C’è un posto del cuore, dove trovare ispirazione?
Quando nasce un brano, un’idea melodica anche altrove e fuori da Siracusa, sento comunque il bisogno di passeggiare da solo in Ortigia, di tornare lì canticchiandomi il tema per cercare una sorta di “approvazione” e di conferma. Qualsiasi composizione “passa” da Ortigia, quasi a voler ricevere una sorta di “benedizione” da questo posto magico. Ho dedicato all’isola di Ortigia due brani: Ortigia (Spaces), Levante (Giulia). In realtà però, tutte le mie composizioni nascono da lì, passano dal Castello Maniace e attraversano lo stesso mare: il mare di Siracusa.
Qual è il “fil rouge” che lega ogni tua composizione?
Quando si fa riferimento a un cantautore di solito, ci si chiede quale sia il tema o quali siano i temi delle sue canzoni facendo ovvio riferimento ai testi scritti.

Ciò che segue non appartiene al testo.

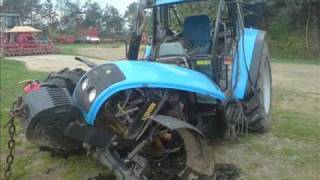 Munkahelyi Fotógaléria!!!!!-Mtz,John Deere,Landini,Claas,Rába-Steiger,Manitou,Steyr,New Holland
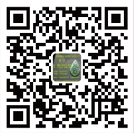 聯(lián)環(huán)藥業(yè)：微信掃一掃，關(guān)注更多資訊！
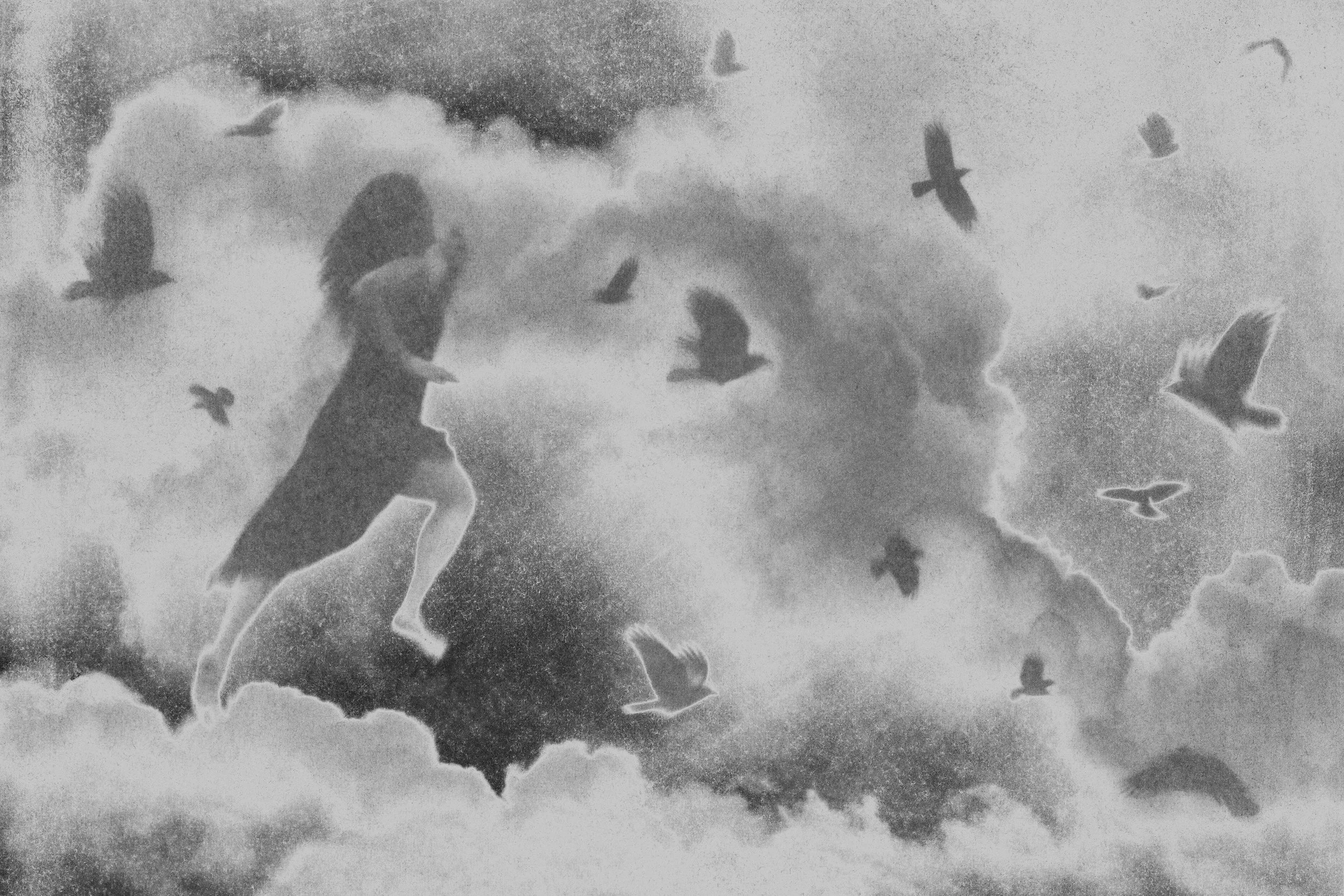 Through No 1 12x18.jpg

La mia musica, i miei brani, pur essendo strumentali e quindi privi (almeno per ora) di testi, sono stati spesso definiti dalla stampa internazionale “Canzoni” perché trasmettono emozioni chiare, evocano immagini. Quando mi è stato chiesto quali erano i temi predominanti della mia scrittura, quali cose m’ispirano principalmente, ho sempre risposto: l’Amore, eppure non mi considero “un romantico”. Credo che l’Amore da cui partono i miei brani sia un Amore universale che trascende le consuete definizioni che si danno nella musica (Amore di coppia, storie d’Amore…). Ritengo restrittivo l’aggettivo “romantico” e quasi lo detesto, perché definire tale un musicista, equivarrebbe a un’etichetta, un marchio. L’Amore invece non è un marchio ma un valore infinitamente vasto, fondamentale per le nostre vite, ineluttabile ed ineludibile. Abbiamo bisogno di respirarlo come e con l’aria. Tutti i miei brani quindi partono da lì, dal mio bisogno di amare il prossimo, vicino o lontano che sia. Marc Copland che ha suonato con me in Giulia ha dichiarato che metto amore nella mia musica, credo che abbia pienamente ragione.
Quali sono i tuoi prossimi progetti?
Il mio cd è in distribuzione in Europa e negli Stati Uniti e l’obiettivo è di partire con un tour negli States nel 2021, Covid permettendo. Giulia è in rotazione radiofonica a Chicago, Boston, Kansas City e New York. In Giappone, Giulia è stata seconda in una playlist prestigiosa e in questi giorni ho ricevuto un ottima recensione da una testata specializzata coreana. Queste sono soddisfazioni importanti che m’incoraggiano dandomi nuovi stimoli. Sto lavorando a uno spettacolo che mi piacerebbe portare nei Teatri dove coniugare musica e immagini. Spero, inoltre, di realizzare il sogno che coltivo da tempo, di sentire la mia musica come colonna sonora in un film.